What's a good substitute for halibut in a braised dish with olives, capers, tomato sauce, onion, and garlic?

Shel


----------



## abefroman (Mar 12, 2005)

I'd say sea bass or grouper


----------



## shel (Dec 20, 2006)

Sea bass refers to many fish species, and there are numerous fish that fall under the heading of grouper. I'm on the pacific coast of the US, and atlantic species are prbably not going yto cut it. So, any particular sea bass or grouper you'd suggest?

Shel


----------



## abefroman (Mar 12, 2005)

Oh, Im closer to the Atantic I guess. They don't have sea bass in the pacific?

Black or red grouper (definately not Goliath Grouper), and by sea bass I mean the toothfish which is commonly sold as Chilian sea bass.


----------



## shroomgirl (Aug 11, 2000)

not pacific but cod or scrod would substitute....pretty much any firm white fish....shark?

Puttenesca? we've made it with a strip of orange zest and chili flakes too...basil three.....

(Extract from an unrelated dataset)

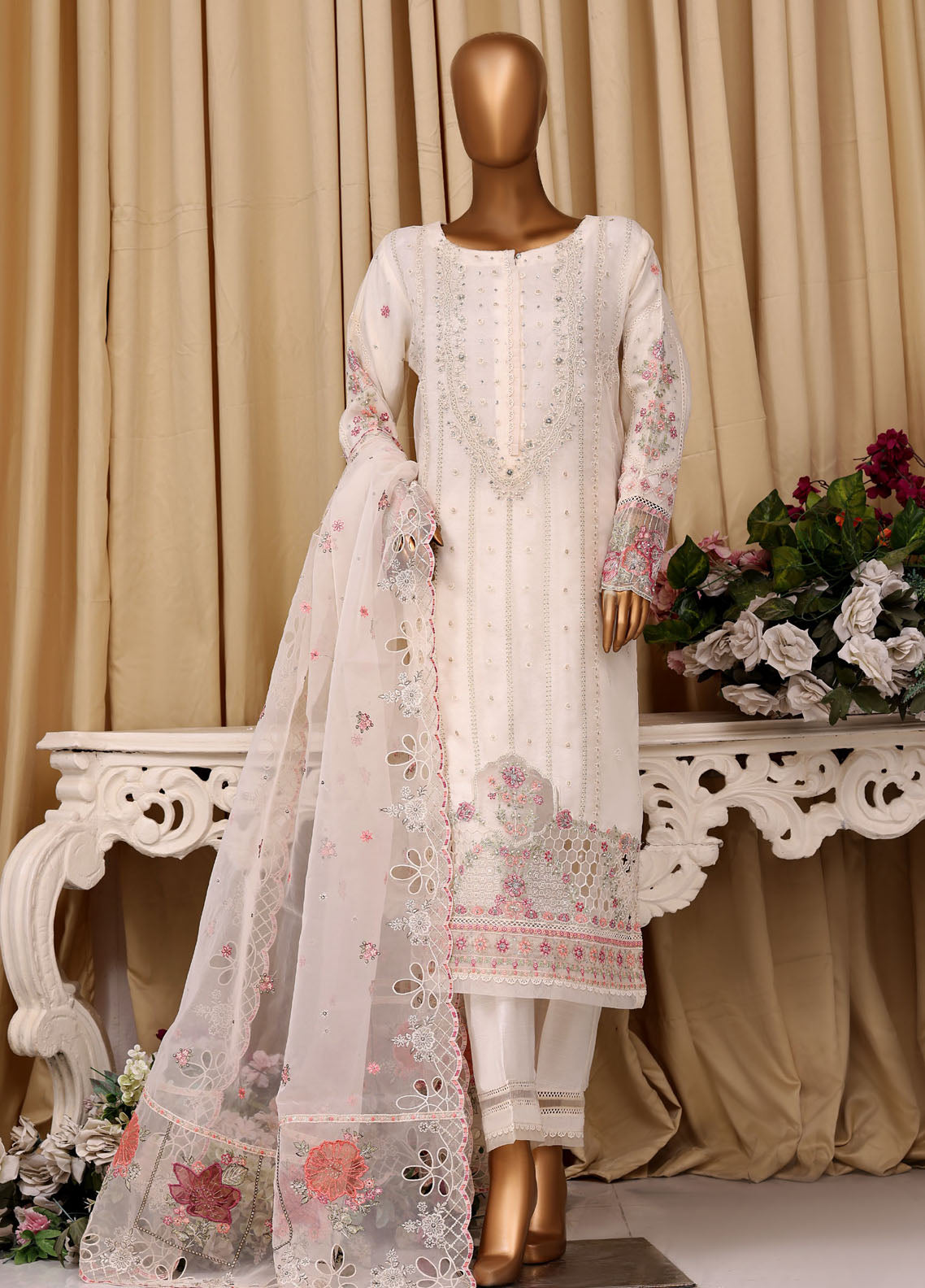 Falsafaa By HZ Textile Formal Embroidered Organza 3 Piece Stitched Suit HZ25FFMOV7 HZK-219-A Falsafaa By HZ Textile Formal Embroidered Organza 3 Piece Stitched Suit HZ25FFMOV7 HZK-219-A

shellfish works well also with that dish.


----------



## shel (Dec 20, 2006)

Not quite a "traditional" puttanesca, but pretty close. I'd like it with big, fresh, wild shrimp, but I'm going to be making this for a friend and she doesn't care much for shrimp.

Tks,

Shel


----------



## even stephen (Oct 10, 2005)

I'd go with snapper....sear the skin side, scored of course and then flip
and add braising liquid....holds up well.....stay with a larger filet cut of 
genuine red snapper though....yellowtails, mangrove, and hog, don't work
as well.....believe it or not, sword is really nice braised, just make sure and
get some double cut steaks....2 to 3 inches thick work best....good luck!!!


----------



## bazza (Apr 2, 2007)

Hi I am from the UK and frankly I am stunned by some of your replies. The only fish I would substitute for halibut would be turbot, however I am not sure of its availabilty on your side of the pond. It is a more expensive than halibut which itself is costly over here.


----------



## even stephen (Oct 10, 2005)

I don't think any of us meant our suggestions were a good sustitute for 
the halibut, but, a good suggestion for a braised fish dish........


----------



## abefroman (Mar 12, 2005)

Turbot, aren't those flat? Why do you think that would work? You mean the tastes are similar?


----------



## bluezebra (May 19, 2007)

Yeah I agree, halibut is a pretty specialized texture so hard to "duplicate" from the "fish" angle. But if what you are looking for is a "delivery system" for a sauce then many firm fleshed white fish work as shroom said and many other suggested. I too would use a snapper for that particular sauce. I also think a nice cod or scrod would work as well. Swordfish would also be very good with the sauce as would a tuna but the texture would be completely different!!! Especially if you poached the swordfish or tuna in olive oil as a cooking method prior to saucing! MMmmmmm!


----------



## bazza (Apr 2, 2007)

Yeah turbot and halibut are both flat and similar in texture I think the original thread was asking for a substitute for halibut. Sorry for late reply I don't get on here too often. Find it fascinating though.


----------



## transformation (Oct 10, 2007)

I would use pickerel or black cod


----------